La réalisatrice Léonor Serraille s’est inspirée de l’histoire de sa belle-famille pour écrire le scénario. Il ne s’agit pas un film revendicatif sur les difficultés d’intégration d’une famille venue de Côte d’Ivoire mais de trois beaux portraits très différents. Elle filme Rose dans sa complexité et sans jugement, le « grand frère » Jean et sa rage intérieur et le « petit frère » Ernest plus doux et réservé. A leur manière, ils posent tous la question du fondement et de la définition de la réussite.
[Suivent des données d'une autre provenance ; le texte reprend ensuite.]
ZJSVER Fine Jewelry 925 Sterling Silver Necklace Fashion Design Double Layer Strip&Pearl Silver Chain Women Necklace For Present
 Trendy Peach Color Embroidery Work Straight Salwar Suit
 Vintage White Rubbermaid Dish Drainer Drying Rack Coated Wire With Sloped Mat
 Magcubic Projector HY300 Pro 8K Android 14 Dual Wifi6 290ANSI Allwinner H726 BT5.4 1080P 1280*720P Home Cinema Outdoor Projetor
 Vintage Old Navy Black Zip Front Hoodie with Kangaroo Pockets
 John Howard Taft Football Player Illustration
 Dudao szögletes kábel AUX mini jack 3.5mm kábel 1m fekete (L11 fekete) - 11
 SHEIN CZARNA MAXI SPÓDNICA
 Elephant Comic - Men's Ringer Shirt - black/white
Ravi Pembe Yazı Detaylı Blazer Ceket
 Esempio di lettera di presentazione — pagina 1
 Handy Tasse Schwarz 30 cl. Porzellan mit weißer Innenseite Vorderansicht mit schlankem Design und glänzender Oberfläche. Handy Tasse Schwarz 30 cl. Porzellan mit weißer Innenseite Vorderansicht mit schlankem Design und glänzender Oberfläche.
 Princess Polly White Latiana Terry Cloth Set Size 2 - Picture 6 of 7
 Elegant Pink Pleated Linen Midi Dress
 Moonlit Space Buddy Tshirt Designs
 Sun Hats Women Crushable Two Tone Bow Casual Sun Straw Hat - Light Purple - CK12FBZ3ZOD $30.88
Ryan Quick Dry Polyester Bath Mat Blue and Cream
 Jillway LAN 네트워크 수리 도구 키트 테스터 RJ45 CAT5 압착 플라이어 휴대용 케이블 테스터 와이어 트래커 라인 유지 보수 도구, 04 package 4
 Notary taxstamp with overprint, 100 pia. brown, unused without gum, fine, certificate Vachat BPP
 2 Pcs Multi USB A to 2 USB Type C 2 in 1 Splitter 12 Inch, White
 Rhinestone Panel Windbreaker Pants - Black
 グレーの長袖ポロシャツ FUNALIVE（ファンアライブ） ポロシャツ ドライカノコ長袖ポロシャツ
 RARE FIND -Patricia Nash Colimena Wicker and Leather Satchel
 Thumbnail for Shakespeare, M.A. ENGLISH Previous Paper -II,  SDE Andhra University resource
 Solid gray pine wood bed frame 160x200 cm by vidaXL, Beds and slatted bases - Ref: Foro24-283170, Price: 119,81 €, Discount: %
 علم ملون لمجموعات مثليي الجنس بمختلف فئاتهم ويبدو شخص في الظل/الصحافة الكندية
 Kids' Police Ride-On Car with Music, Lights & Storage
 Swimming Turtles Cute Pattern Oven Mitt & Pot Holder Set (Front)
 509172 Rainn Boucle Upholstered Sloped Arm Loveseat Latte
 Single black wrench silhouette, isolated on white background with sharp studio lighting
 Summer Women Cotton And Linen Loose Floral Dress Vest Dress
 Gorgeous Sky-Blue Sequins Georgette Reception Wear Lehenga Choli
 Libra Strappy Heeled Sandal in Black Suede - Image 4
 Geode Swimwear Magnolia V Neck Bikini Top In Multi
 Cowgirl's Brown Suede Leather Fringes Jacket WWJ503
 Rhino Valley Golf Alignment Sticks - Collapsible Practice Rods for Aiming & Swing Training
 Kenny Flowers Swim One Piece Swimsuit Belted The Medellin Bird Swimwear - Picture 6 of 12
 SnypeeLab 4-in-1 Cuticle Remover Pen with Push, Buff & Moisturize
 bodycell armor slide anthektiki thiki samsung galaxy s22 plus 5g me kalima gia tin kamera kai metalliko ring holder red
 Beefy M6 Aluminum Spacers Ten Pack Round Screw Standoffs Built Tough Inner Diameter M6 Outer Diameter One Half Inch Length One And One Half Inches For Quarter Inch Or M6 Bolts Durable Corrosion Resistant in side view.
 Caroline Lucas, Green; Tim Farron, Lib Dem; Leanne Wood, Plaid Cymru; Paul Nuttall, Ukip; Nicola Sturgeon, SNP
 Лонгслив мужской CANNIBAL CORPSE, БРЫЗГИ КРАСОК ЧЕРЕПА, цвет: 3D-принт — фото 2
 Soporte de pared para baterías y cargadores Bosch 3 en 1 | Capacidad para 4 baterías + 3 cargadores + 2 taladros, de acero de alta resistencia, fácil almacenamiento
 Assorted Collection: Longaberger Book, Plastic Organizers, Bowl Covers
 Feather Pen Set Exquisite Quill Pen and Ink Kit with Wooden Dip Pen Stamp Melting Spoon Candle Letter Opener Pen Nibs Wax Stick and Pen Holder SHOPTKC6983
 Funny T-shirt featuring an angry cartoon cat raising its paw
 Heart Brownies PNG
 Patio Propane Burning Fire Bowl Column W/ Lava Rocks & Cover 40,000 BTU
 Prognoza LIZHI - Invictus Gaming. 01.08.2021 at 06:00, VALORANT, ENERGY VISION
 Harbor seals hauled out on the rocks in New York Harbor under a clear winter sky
Les comédiens sont excellents et attachants.
Un film sincère qui émeut.
« Peter K. – seul contre l’Etat » de Laurent Wyss
avec Manfred Liechti et Sibylle Brunner
Sortie Suisse alémanique : 10 novembre 2022
Sortie Suisse romande : 8 février 2023
« Peter K. » ou la force du désespoir
Après la mort de sa mère dont il s’est occupé jusqu’au bout, Peter K. (Manfred Liechti) apprend que sa sœur a décidé de vendre la maison familiale. Incapable de communiquer avec elle et ses avocats, il refuse de quitter son refuge et se bat, d’abord juridiquement puis physiquement, pour empêcher son expulsion.
Ce film est inspiré d’une histoire vraie, celle de Peter Hans Kneubühl qui a été poursuivi par la police pendant 9 jours avant d’être arrêté et emprisonné. Dès sa fuite en septembre 2010, le réalisateur (biennois comme Peter K.) s’est intéressé au personnage mais aussi aux réactions des autorités et de la population. Son film pose la question de la solitude grandissante, de la notion de folie et du regard de la justice sur les marginaux. Avec justesse et grâce au talent du bernois Manfred Liechti choisi pour sa ressemblance physique, Laurent Wyss nous plonge dans l’esprit tortueux de Peter K. et nous fait sentir ses craintes et son désespoir grandissant, comme un appel à l’aide.
Un film fort et dérangeant.
Manfred Liechti est nominé pour le prix du meilleur acteur suisse pour ce rôle.
Considéré comme irresponsable, Peter K. a été condamné en 2013 à des mesures thérapeutiques stationnaires. Il a vu le film et s’est déclaré satisfait de la version cinématographique.